In this book, Richard Rodriguez told us his experience as an immigration young little boy at an US elementary school in his famous book Hunger of Memory published in 1982, the boy who spoke Spanish and only knew about 50 words of English.
In the first chapter Aria, Rodrigue spoke Spanish at home with his parents and soon realized that the sounds of Spanish were soft and comforting to him as a child, making him feel recognized and family intimacy. After a visit of nuns from his school to ask his parents using English at home, he was pushed to speak English and he started to focus on the meaning, instead of sound. However, the more he improved on his English speaking at school, the more he found silence in communication with his parents at home. Through this struggle, he found comfort in reading books and that reading helped make him a more confident English speaker and writer.
In chapter 2 The Achievement of Desire, Rodrigue at last achieved great academic success as a Fulbright Scholar studying in the British Museum. However, his memory about first visit home from college feeling was more like an interview than a conversation with his parents. And he began to engage with the question of how his parents’ memories differ from his own. The cause of these difference he found was from his education, not from the lack of family intimacy as his thought. Then Rodriguez tried to explore his relationship with books. And he tried to read as many “important books” as he could, including many Western classics, but not truly understanding them.
In the beginning of the third chapter Credo, Rodrigue compared his experience as a Mexican Catholic to the varying practices of white American Catholics. He noticed some of the changes in the Church over time and recognized that, just as the Church had changed, so had he. This change had begun when he entered high school and began to receive a more Protestant-based education. He found that his parents assumed a Catholicism very different from him. Then he tried to blend Catholicism with borrowed insights from Sartre and Zen, and Freud and Buber and Miltonic Protestantism.
There are three main points for educational thoughts to take away from the story. The first point is bilingual school program would be great for kids from the first grade of elementary schools. I believe that bilingual programs, even from kindergarten, could help kids to obtain bilingualism and language skills better. From the age of 3 to 8, it is the period of children to develop its language skills and they could learn many languages easily.
The second point is speaking English at home would be important to improve language skills of immigration kids but also to create some constraints toward family intimacy culture. It might be true for the family sentiments if parents found hard to communicate with their children. I think, however, this is a single individual story of Rodrigue and it would be varied between kid to kid and family to family.

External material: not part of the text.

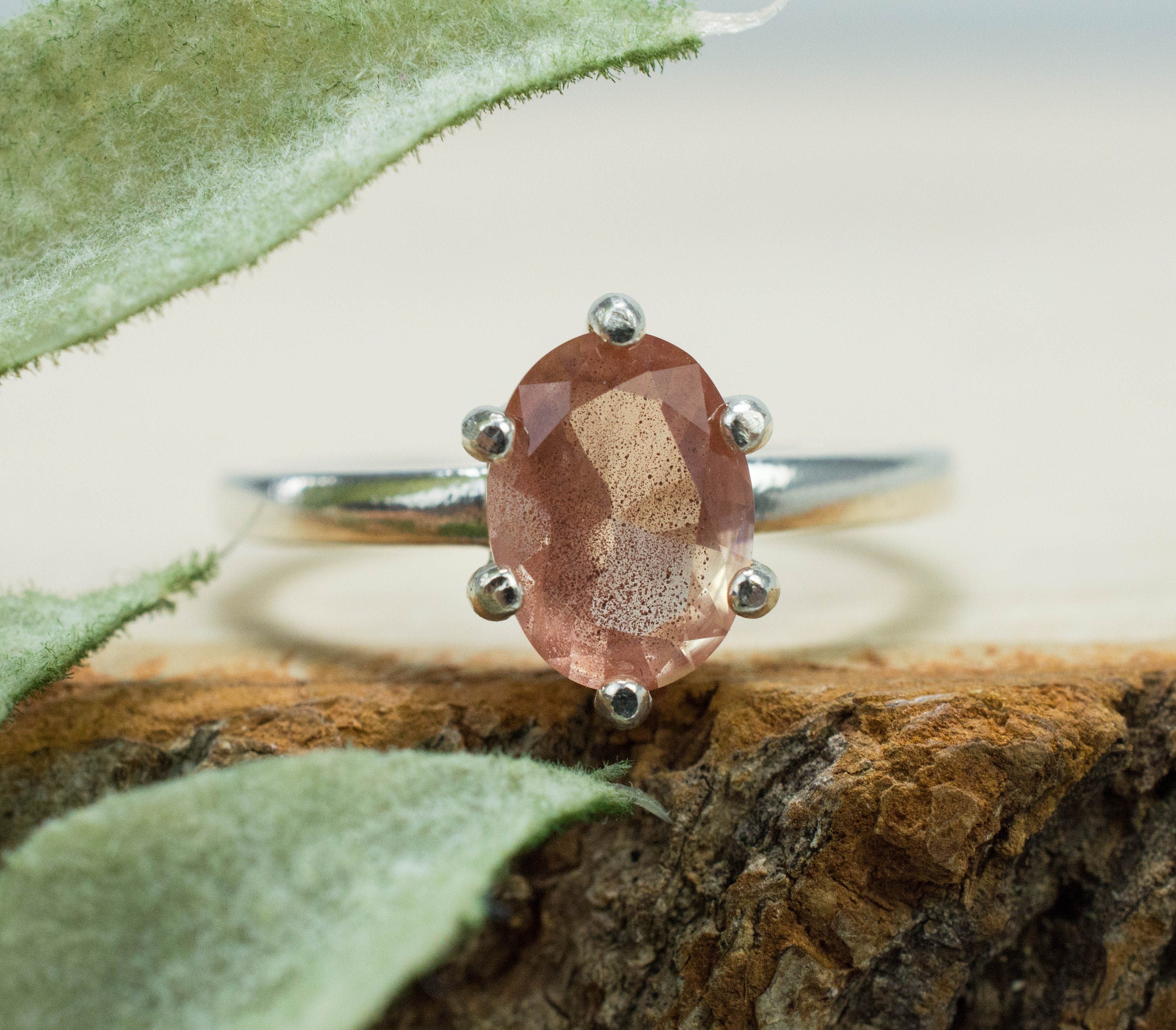 Oregon Sunstone Ring; Natural Untreated USA Sunstone; 1.260cts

The last salient point is reading books could help improve academic results, including reading with pleasure or with as much as possible. There is the fact that, depend on our mood, some books could be hard to bring pleasure for us to read but others could. However, the knowledge and education through book reading are tremendous and we should help children forming the habit of reading and promote more and more reading for all age.
Hope you all will enjoy this book, too.